When Hope was 14, she moved to a new house in the country where there were no other kids around. She also started going to a new school and didn't know anyone there. For some reason, she said, she thought that if she lost a few pounds, she would be popular immediately.

"I thought I was fat," she said.

At first, she said, her mother thought losing weight was a good idea. Although Hope was not fat (she was 5 feet, 3 inches tall and weighed 115 pounds), she was the same height as her mother, who weighs 98 pounds, and they thought they should weigh the same.

What they didn't realize at first, Hope said, was that she has bigger bones than her mother and had been putting on more muscle (which weighs more than fat) because she had such a long walk from her bus stop.

Hope began exercising and working out with the track team. She also started cutting fatty foods from her diet, and then began to count calories. Soon, she was eating barely enough to stay alive.

Her weight began to drop, but instead of becoming more popular, she started to avoid her friends, especially when they asked her out to eat with them. Like many people with anorexia, she had become afraid of food.

It's hard to imagine life without chocolate or pizza or french fries, isn't it? Hope said that at first it was hard to resist those kinds of foods, but each time she did it, the next time was easier. By the end of the school year, she was eating just fruit and bread and other low-calorie foods. She weighed just 100 pounds and her body was going into shock, which means that her organs were beginning to quit working. Some people die when this happens.

Hope's mother became worried and took her to see Boskind-White. Hope said that made her really angry. She thought she looked fine and her mother was just worrying too much.

Her friends didn't realize she was sick either, she said. "They thought it was pretty cool" that she had lost so much weight.

But when Boskind-White told Hope she might have to go to a hospital because she was so sick, she understood that something was wrong.

Boskind-White explained all the bad things Hope was doing to her body, and then urged her to go on a diet - a sensible one - to make sure she gets all the nutrients she needed. She also talks to Hope once every two weeks about her weight and about any other problems she might have.

"It's good to have someone to talk to," Hope said.

Besides that, Hope also attends group therapy sessions, where she meets with other girls and women like her. It's easier to get along knowing that she isn't the only one with her problem, Hope said.

Most people with eating disorders are like Hope, said Deborah Miller, a counselor who works with people with eating disorders. They are angry. It is difficult to win their trust, and they feel really sick while they're trying to learn to eat again.

But when she can tell them what they are going to feel before it happens, they start to believe in her, she said. If eating disorders are caught early, she said, they can often be cured in one year.

Unfortunately, kids who have eating disorders often miss all the fun of growing up, and it makes life hard for them later. Many of them have other problems, too.
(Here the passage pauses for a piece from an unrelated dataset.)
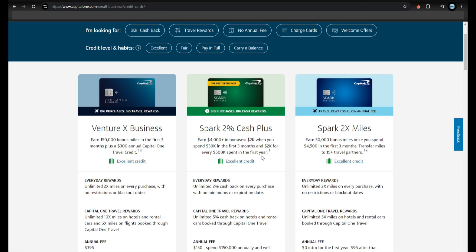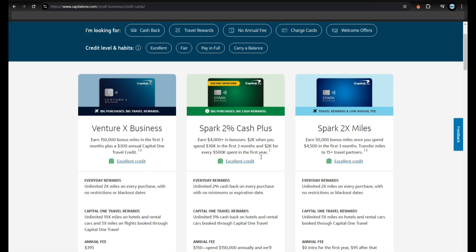Next is to gather info. You'll need personal details like name and social security number. You'll also need your business info - the name, address, EIN or SSN for sole proprietors. And lastly, the revenue - how much your business makes yearly.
Hope is not well yet. Although she weighed 115 pounds in October, her body has not recovered, and she is still several sizes smaller than she used to be because her muscles are very small. Her stomach has been damaged, too. Although she wants to eat, her stomach is not used to digesting food anymore and it often hurts.
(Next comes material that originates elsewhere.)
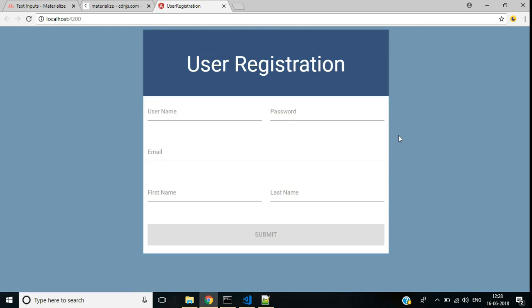We have now completed the Angular 6 user registration form. In our next video we will discuss how to create a Web API project for this application. Thank you for watching.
It still takes a major effort to eat foods such as pizza, ice cream and tacos, and she is still exercising more than she ought to, but Hope is trying hard. She knows she will get better one day, and is looking forward to going to college and someday becoming a writer.

She also has some advice for kids who think, as she did, that being thin will make them more popular.

"Get out more and do things," rather than sitting around worrying about your weight, she said.